L’ultimo pilastro riguardante la governance, mira a degli obiettivi di trasparenza dell’organo direttivo aziendale ed in particolare eventuali coinvolgimenti in scandali legati alla corruzione, alle procedure di controllo e più in generale alle pratiche di governo societarie.

L’analisi di questi fattori consente diversi tipi di classificazioni:

  • La selezione negativa o l’esclusione dal fondo o dal portafoglio di certi settori, sulla base di criteri specifici ESG (ese. Settore bellico, del tabacco, degli alcolici).
  • La selezione positiva o best in class che mira alla selezione delle migliori aziende dal punto di vista ESG all’interno di un determinato settore.
  • La selezione su base normativa prevede la selezione degli investimenti sulla base del rispetto di norme e standard internazionali.

Nella prassi comune i gestori prediligono attualmente una strategia di selezione negativa o ad esclusione per la semplicità di applicazione.

Ponendo l’attenzione sui principali indici etici è facilmente osservabile come questi rappresentino una sorta di certificazione di qualità sull’impegno sociale e ambientale per le società che ne fanno parte, garantendone allo stesso tempo una buona visibilità.

La comparabilità con gli indici tradizionali risulta agevole grazie al processo di formazione dell’indice che prevede gli stessi criteri di composizione e di calcolo di un qualsiasi indice tradizionale.

Avendo descritto i tratti caratteristici di questi strumenti è lecito chiedersi se la nobiltà di scelta d’investimento riesca da sola ad orientare le scelte d’investimento comuni.

La risposta appare scontata, dato che la ricerca di performance finanziarie positive è la guida per gli investitori.
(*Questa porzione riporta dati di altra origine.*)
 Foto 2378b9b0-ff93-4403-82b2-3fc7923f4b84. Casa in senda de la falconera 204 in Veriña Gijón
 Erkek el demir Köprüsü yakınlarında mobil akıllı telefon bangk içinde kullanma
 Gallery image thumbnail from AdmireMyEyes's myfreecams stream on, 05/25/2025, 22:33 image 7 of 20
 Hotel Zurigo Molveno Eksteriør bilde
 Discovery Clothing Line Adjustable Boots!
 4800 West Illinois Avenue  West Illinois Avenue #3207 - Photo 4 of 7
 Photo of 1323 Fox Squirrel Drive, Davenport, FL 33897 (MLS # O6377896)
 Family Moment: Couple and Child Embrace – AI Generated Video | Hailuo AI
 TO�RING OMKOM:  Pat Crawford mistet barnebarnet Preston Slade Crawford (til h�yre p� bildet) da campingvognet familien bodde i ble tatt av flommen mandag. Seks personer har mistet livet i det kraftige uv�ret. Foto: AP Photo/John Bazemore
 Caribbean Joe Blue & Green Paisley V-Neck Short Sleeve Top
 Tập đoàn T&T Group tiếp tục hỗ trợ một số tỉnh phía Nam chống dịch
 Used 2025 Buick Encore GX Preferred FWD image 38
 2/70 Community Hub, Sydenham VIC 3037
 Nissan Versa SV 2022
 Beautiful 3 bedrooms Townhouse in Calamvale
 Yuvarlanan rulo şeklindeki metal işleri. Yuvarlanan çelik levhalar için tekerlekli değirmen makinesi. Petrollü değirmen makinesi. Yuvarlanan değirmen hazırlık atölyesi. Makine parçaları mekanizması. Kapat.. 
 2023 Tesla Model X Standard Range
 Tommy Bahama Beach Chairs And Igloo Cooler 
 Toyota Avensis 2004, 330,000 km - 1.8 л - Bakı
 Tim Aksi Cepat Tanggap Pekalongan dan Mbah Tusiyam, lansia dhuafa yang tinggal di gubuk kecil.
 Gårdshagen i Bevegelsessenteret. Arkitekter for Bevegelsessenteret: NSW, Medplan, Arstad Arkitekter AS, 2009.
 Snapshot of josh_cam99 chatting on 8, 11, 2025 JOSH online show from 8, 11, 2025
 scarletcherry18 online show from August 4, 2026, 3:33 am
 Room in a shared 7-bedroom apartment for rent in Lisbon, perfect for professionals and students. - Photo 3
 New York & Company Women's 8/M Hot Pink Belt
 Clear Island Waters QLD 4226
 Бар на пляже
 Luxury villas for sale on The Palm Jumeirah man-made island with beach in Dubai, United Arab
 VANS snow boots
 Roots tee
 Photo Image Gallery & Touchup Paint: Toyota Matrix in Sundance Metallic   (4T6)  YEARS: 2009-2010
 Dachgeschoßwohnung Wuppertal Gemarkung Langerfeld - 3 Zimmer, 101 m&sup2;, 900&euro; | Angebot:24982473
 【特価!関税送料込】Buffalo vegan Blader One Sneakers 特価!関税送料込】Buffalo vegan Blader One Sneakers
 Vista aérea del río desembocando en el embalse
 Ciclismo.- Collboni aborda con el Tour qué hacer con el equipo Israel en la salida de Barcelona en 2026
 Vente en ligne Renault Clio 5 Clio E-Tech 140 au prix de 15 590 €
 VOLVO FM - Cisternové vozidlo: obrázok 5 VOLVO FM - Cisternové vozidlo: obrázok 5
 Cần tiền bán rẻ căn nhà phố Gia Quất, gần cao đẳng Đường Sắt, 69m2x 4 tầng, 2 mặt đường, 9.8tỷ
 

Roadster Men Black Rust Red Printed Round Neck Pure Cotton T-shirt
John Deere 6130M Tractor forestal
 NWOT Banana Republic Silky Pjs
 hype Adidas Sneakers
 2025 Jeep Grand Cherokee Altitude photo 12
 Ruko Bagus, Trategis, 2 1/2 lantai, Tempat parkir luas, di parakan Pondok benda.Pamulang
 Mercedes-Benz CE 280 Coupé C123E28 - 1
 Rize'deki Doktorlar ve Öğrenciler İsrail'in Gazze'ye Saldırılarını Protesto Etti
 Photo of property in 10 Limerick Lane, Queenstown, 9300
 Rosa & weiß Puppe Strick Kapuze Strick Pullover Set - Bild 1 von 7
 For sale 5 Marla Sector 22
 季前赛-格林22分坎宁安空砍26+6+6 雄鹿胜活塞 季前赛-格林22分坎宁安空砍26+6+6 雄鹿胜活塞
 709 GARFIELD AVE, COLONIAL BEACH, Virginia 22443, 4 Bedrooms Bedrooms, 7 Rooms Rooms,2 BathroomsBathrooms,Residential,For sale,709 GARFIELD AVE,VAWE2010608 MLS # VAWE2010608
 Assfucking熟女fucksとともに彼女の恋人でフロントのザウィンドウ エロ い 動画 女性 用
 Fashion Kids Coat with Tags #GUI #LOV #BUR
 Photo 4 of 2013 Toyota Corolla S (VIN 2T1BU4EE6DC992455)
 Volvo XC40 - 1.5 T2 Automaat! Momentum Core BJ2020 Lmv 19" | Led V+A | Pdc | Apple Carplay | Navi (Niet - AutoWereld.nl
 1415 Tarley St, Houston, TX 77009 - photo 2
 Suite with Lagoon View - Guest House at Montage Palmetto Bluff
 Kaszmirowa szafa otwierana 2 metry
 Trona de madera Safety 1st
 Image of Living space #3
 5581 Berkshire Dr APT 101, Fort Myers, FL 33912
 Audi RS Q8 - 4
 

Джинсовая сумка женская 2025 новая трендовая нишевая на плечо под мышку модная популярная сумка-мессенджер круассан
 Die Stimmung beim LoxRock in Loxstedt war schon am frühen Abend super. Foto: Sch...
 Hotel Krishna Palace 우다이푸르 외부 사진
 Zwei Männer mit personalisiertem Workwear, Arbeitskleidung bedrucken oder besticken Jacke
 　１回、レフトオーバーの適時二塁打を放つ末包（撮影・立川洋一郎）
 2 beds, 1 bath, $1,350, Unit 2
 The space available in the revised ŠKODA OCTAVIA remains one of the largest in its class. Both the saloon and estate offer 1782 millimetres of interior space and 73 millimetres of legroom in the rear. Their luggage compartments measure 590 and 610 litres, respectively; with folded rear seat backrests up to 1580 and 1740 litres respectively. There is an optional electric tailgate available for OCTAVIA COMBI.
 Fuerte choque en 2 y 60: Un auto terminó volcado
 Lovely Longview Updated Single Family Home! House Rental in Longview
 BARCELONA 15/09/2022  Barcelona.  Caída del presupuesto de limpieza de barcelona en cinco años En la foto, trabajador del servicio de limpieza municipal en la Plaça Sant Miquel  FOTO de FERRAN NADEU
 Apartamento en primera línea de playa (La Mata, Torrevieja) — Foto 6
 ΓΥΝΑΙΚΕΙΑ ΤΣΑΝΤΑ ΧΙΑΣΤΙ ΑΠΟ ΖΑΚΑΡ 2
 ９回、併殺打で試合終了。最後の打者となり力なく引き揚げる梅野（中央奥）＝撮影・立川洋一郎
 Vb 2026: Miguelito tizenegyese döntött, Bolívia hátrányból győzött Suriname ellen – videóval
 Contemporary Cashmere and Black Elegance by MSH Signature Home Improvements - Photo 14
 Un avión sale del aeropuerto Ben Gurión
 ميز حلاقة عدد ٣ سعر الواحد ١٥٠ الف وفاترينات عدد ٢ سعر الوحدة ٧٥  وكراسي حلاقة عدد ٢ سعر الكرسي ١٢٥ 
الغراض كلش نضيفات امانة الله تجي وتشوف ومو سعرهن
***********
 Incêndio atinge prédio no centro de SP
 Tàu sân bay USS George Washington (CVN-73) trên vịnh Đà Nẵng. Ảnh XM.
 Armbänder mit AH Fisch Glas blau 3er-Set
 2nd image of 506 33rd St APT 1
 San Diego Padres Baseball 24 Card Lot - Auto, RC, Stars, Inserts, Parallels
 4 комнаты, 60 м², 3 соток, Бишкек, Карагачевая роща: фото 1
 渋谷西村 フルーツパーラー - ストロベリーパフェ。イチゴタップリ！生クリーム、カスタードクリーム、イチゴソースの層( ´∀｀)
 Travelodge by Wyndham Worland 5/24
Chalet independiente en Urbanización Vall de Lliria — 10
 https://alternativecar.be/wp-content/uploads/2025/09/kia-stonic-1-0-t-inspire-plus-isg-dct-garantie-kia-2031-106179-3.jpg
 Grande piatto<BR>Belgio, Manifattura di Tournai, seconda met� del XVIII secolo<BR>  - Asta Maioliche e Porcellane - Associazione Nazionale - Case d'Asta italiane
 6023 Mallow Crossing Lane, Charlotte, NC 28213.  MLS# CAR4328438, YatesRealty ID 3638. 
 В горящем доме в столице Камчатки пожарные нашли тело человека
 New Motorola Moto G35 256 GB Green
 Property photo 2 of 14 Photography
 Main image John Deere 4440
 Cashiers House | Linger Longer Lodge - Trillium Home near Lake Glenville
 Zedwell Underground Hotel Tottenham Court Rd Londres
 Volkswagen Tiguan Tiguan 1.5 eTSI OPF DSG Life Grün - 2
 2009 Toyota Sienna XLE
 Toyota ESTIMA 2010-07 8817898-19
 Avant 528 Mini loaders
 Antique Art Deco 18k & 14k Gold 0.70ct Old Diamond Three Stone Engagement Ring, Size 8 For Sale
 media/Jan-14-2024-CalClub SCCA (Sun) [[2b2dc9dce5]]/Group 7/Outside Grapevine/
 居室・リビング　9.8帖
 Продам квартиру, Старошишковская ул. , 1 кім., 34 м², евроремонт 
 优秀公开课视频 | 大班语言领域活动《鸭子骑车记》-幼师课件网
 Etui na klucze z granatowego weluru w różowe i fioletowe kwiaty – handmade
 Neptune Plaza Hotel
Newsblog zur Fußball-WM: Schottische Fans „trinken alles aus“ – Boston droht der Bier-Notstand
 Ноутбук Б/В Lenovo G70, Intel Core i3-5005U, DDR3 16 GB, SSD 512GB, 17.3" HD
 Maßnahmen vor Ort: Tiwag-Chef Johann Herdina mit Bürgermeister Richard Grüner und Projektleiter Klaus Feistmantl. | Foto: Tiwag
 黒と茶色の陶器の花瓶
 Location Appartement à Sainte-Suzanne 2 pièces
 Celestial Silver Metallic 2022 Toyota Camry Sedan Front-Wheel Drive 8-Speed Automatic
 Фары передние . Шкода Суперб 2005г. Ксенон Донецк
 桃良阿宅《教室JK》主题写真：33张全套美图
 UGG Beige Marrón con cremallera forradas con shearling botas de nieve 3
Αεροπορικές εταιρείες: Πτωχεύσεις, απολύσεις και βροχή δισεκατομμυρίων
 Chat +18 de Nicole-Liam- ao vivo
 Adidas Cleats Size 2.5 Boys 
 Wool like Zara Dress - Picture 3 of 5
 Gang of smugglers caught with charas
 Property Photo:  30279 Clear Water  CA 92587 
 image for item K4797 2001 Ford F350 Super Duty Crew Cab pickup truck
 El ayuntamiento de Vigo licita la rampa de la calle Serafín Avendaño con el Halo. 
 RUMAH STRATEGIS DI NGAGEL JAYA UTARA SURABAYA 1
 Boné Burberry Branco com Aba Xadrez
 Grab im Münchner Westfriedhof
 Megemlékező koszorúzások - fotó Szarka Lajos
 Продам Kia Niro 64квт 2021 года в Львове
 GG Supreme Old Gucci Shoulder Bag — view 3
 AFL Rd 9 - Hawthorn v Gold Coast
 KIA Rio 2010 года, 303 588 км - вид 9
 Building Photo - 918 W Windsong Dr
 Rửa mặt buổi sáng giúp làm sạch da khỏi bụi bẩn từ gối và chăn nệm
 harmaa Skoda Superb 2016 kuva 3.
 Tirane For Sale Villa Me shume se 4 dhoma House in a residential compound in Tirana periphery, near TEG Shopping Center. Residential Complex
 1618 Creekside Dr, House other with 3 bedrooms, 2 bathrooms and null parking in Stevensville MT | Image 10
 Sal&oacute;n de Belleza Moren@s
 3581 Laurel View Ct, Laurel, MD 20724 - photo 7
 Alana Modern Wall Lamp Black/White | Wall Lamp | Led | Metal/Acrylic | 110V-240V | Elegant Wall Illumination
È indubbio l’apporto positivo degli investimenti che rispettano i criteri ESG hanno per persone, ambiente e società ma non si può con assoluta certezza dire lo stesso in termini di premi in termini di performance.

Gli studi accademici sembrano protendere per la maggior parte a sostegno dell’esistenza di una correlazione positiva tra la performance finanziaria delle società e l’ESG score.

 

 

Analizzando i rendimenti dell’indice azionario mondiale rappresentato da l’MSCI WORLD si evince l’andamento speculare con l’indice MSCI World ESG Leaders, dimostrando come non sempre perseguire un nobile scopo si traduce necessariamente in un costo in termini di performance.

L’interesse verso gli strumenti finanziari “sostenibili” è aumentata sensibilmente nel corso degli anni, tanto da tramutare quelle che potevano essere delle opportunità di investimento in necessità alle quali in futuro, i gestori, potranno difficilmente rinunciare.

Il percorso sembra essere ben tracciato nonostante il lavoro da compiere è ancora parecchio soprattutto dal punto di vista del coinvolgimento e dell’educazione finanziaria legata alla finanza sostenibile.

Stando ad una recente ricerca realizzata da FINER Finance Explorer, in collaborazione con ASSOGESTIONI, è dimostrata la crescita della sensibilità legata a questi temi ma al momento rimane circoscritta ai segmenti di clientela con maggiori disponibilità finanziarie, visione ed istruzione, evidenziando una latenza informativa per il mercato di massa.

Sarà dunque fondamentale nei prossimi anni, lo sviluppo di una cultura finanziaria che ponga maggiore attenzione alla sostenibilità ed una promozione da parte dei singoli operatori tale da creare un nuovo driver competitivo per l’industria.